### Data to use
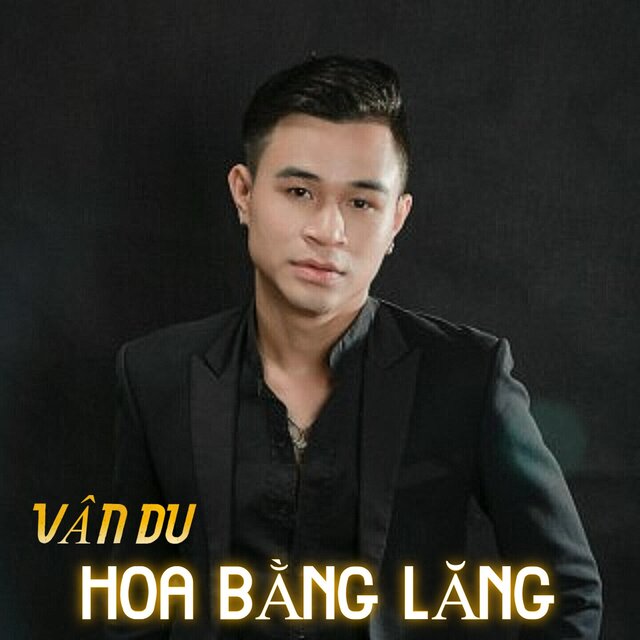 Hoa Bằng Lăng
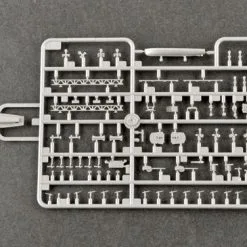 I Love Kit 1/350 USS Yorktown CV-5 # 65301 51 I Love Kit 1/350 USS Yorktown CV-5 # 65301 -Aircraft Kits Sales lk65301 18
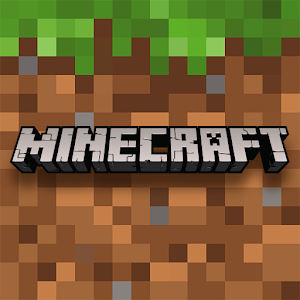 دانلود بازی Minecraft آنلاین اندروید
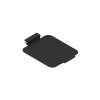 P259 - Pokrywka do kosza do MODULAR Bin Connect 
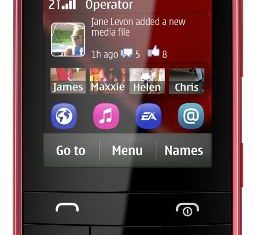 nokia-asha-202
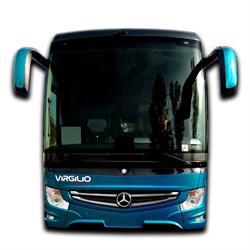 Autolinee Virgilio - Autobus di Linea e Turismo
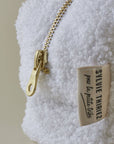Petit coeur children's toilet bag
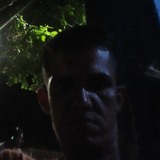 Ferchosp7U from Villanueva | Man | 41 years old | Sagittarius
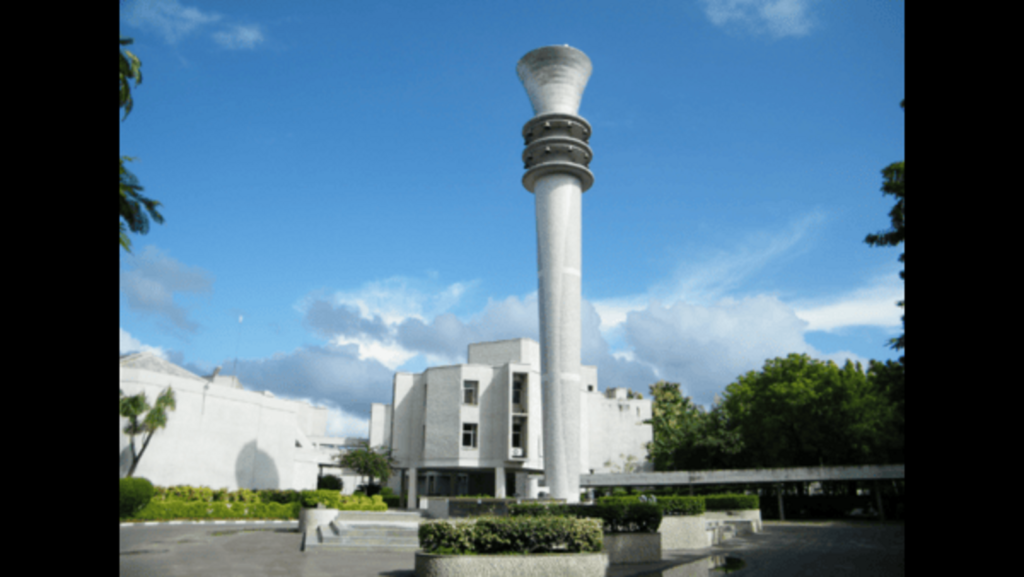 Indian Cooperative Sector gets a new lease with the “Tribhuvan” Sahkari University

### Work item
Give every line above again exactly, with no pictures.

### Response to the exercise
 Hoa Bằng Lăng
 I Love Kit 1/350 USS Yorktown CV-5 # 65301 51 I Love Kit 1/350 USS Yorktown CV-5 # 65301 -Aircraft Kits Sales lk65301 18
 دانلود بازی Minecraft آنلاین اندروید
 P259 - Pokrywka do kosza do MODULAR Bin Connect 
 nokia-asha-202
 Autolinee Virgilio - Autobus di Linea e Turismo
Petit coeur children's toilet bag
 Ferchosp7U from Villanueva | Man | 41 years old | Sagittarius
 Indian Cooperative Sector gets a new lease with the “Tribhuvan” Sahkari University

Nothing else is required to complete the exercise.